'''
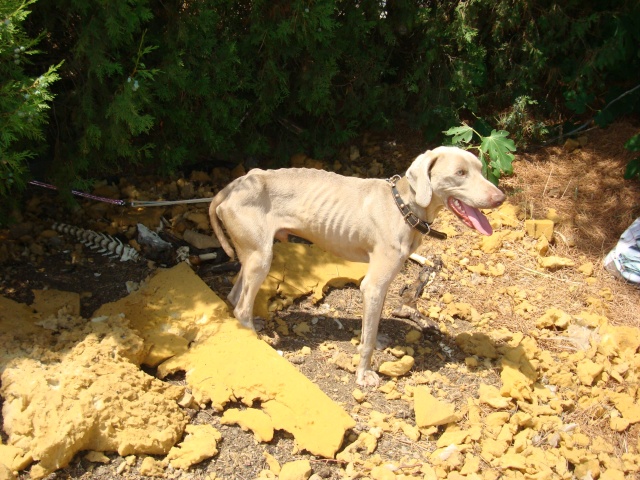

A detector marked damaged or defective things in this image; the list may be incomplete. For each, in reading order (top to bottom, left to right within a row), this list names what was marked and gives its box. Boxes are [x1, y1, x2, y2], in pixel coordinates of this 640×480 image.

broken concrete slab [97, 262, 356, 458]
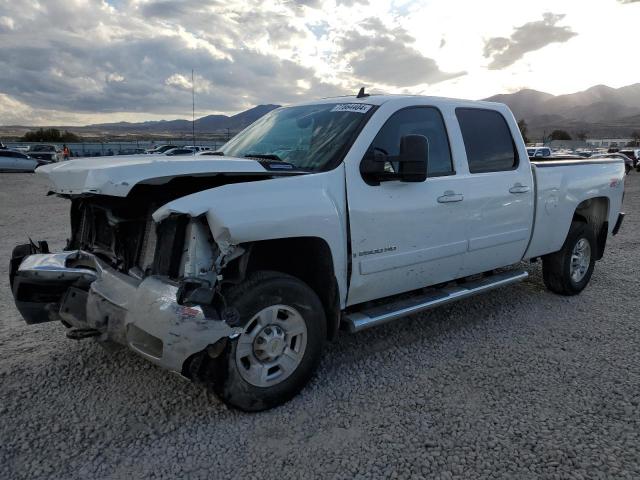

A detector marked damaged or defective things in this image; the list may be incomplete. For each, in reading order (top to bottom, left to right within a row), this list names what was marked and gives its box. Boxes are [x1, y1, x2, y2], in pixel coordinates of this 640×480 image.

crushed hood [35, 156, 272, 197]
cracked bumper [11, 248, 241, 376]
severe front damage [10, 156, 308, 376]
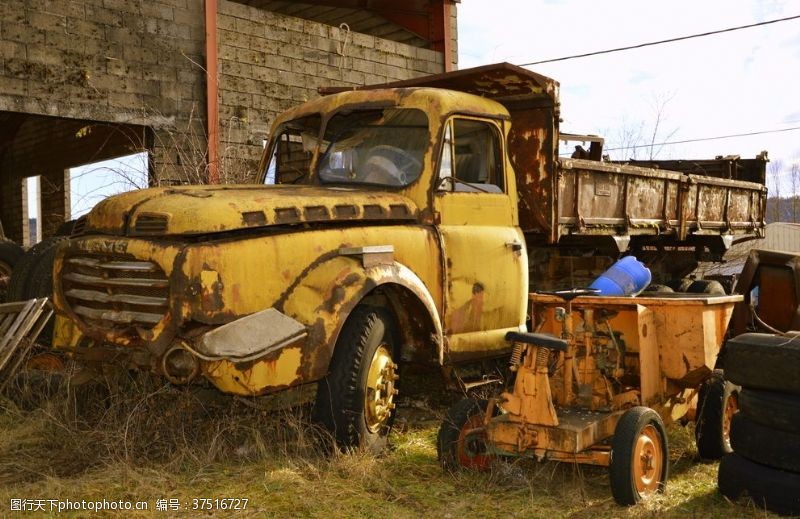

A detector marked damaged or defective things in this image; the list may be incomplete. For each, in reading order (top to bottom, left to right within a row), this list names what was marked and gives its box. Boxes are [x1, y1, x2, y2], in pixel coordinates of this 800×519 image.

rusty metal panel [0, 298, 52, 392]
rusty yellow truck [48, 64, 764, 460]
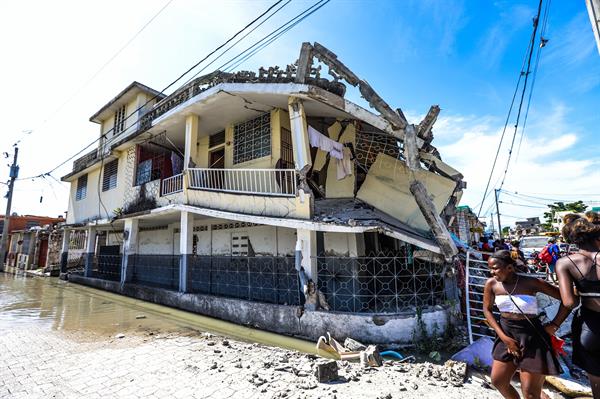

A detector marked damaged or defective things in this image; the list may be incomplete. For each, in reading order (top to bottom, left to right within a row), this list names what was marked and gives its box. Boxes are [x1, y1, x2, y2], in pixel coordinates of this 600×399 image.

damaged concrete building [59, 43, 464, 344]
broken concrete block [314, 360, 338, 382]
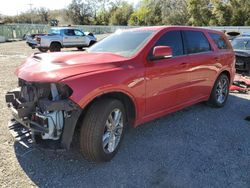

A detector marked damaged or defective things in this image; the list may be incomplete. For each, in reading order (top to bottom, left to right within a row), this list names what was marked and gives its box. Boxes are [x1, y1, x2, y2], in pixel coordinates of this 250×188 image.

damaged front end [5, 79, 81, 150]
bumper damage [5, 81, 81, 150]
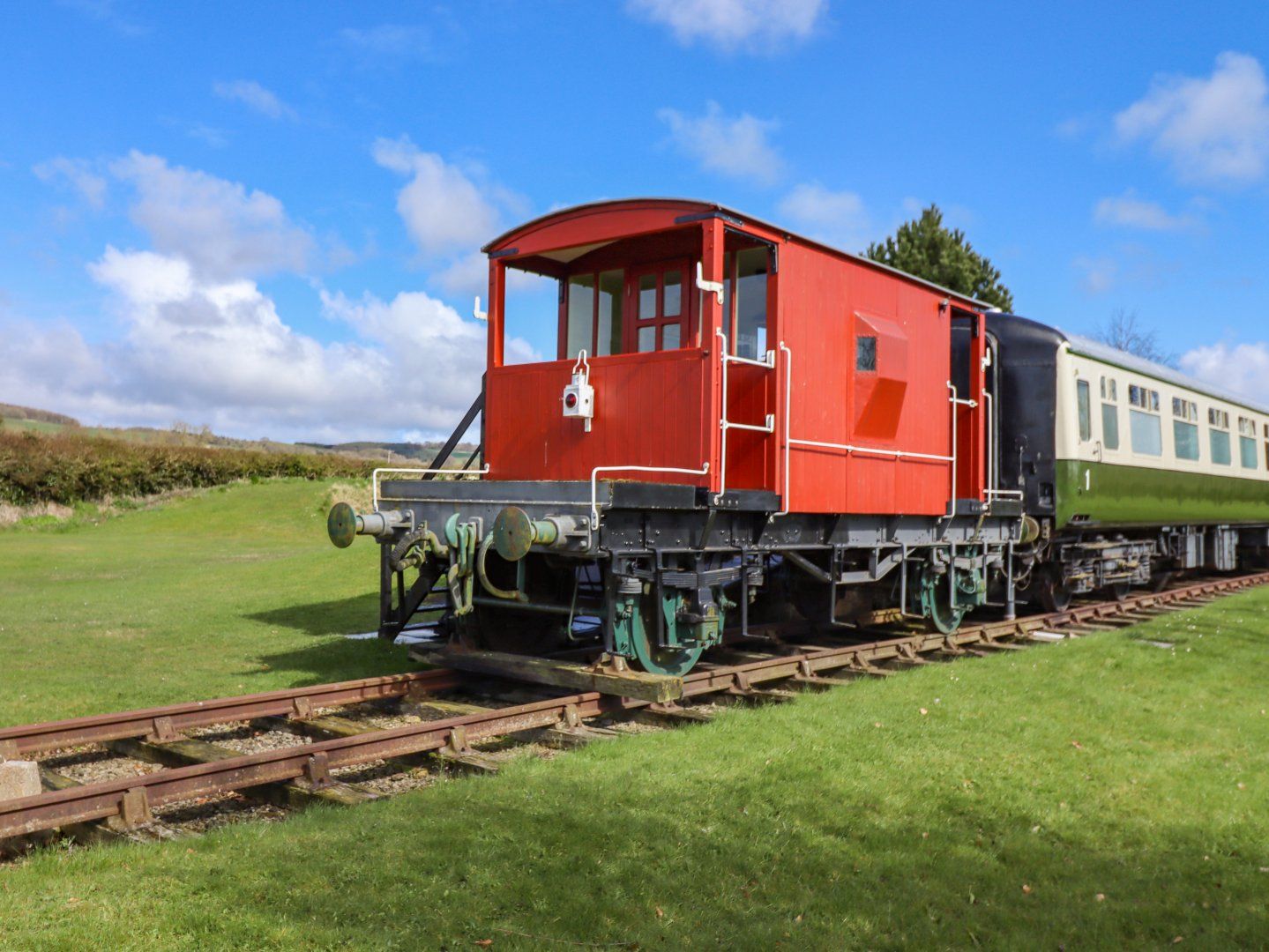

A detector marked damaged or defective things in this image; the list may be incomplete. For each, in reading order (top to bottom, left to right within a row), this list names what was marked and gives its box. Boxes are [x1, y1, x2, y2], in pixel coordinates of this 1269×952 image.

rusty railway track [2, 564, 1269, 846]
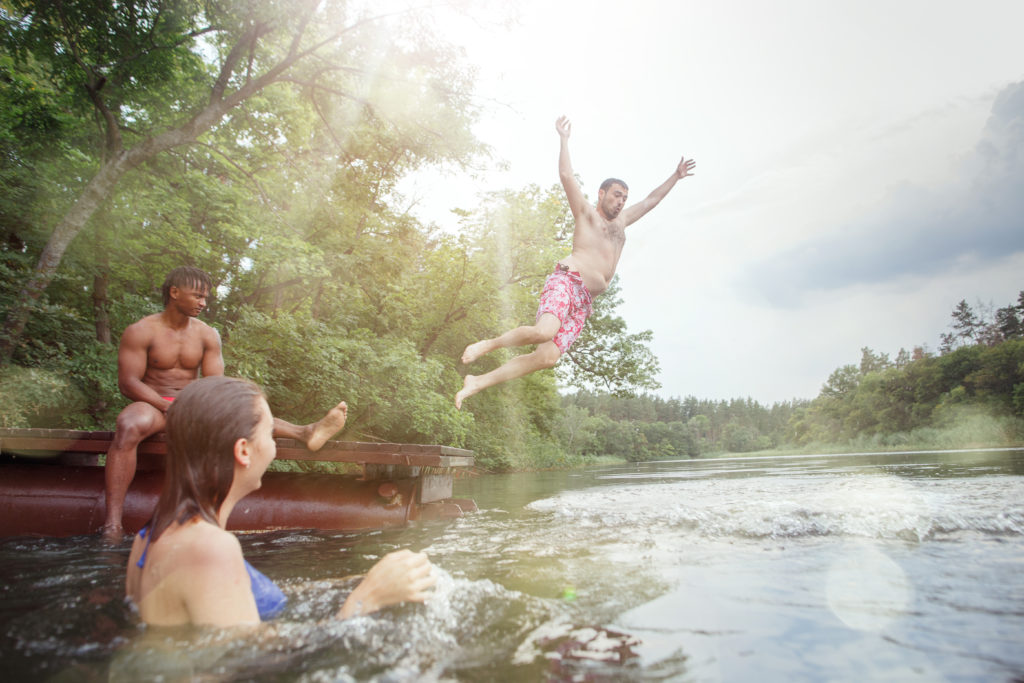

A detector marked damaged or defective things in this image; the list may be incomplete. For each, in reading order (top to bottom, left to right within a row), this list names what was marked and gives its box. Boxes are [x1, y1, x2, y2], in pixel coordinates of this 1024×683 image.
'''
- [EXERCISE BRIEF]: Repeat the lines above precisely and skip every picture.

- [YOUR RESPONSE]:
A detector marked damaged or defective things in this image; the list may be incomplete. For each, in reading order (top to bottom, left to right within a row), this list names what was marked and gives its box. Boxes are [x1, y1, x2, y2], in pixel coordinates of this 640×480 image.

broken concrete slab [97, 262, 356, 458]

A detector marked damaged or defective things in this image; the list may be incomplete. For each, in reading order (top to bottom, left to right within a row), this list names what was marked and gives its box. Boxes are [x1, y1, x2, y2], in pixel coordinates of this 640×480 image.

crushed hood [35, 156, 272, 197]
cracked bumper [11, 248, 241, 376]
severe front damage [10, 156, 308, 376]

A detector marked damaged or defective things in this image; the list may be incomplete. For each, in reading order (top to bottom, left to right within a row), this list names what was marked and gives its box. Boxes are [x1, y1, x2, y2], in pixel coordinates of this 800×519 image.

rusty metal panel [0, 298, 52, 392]
rusty yellow truck [48, 64, 764, 460]

A detector marked damaged or defective things in this image; the list may be incomplete. For each, in reading order (top to bottom, left to right within a row), this list names what was marked and gives its box. Boxes are [x1, y1, x2, y2], in pixel coordinates of this 600×399 image.

damaged concrete building [59, 43, 464, 344]
broken concrete block [314, 360, 338, 382]

A detector marked damaged or defective things in this image; the list may be incomplete. For each, in reading order (top to bottom, left to right within a row), this list names what was marked and gives its box. Boxes are [x1, y1, x2, y2], in pixel coordinates of this 250×188 image.

damaged front end [5, 79, 81, 150]
bumper damage [5, 81, 81, 150]

A detector marked damaged or defective things in this image; the list may be incomplete. For each, in reading order (top to bottom, left to right within a row), this list names what was marked and gives its box. Boxes are [x1, y1, x2, y2], in pixel coordinates of this 1269×952 image.

rusty railway track [2, 564, 1269, 846]

A detector marked damaged or defective things in this image; the list may be incomplete. For each, in reading order (top to bottom, left to right within a row), this list names what was marked and gives its box. Boxes are [x1, y1, x2, y2], in pixel coordinates of this 1024×683 image.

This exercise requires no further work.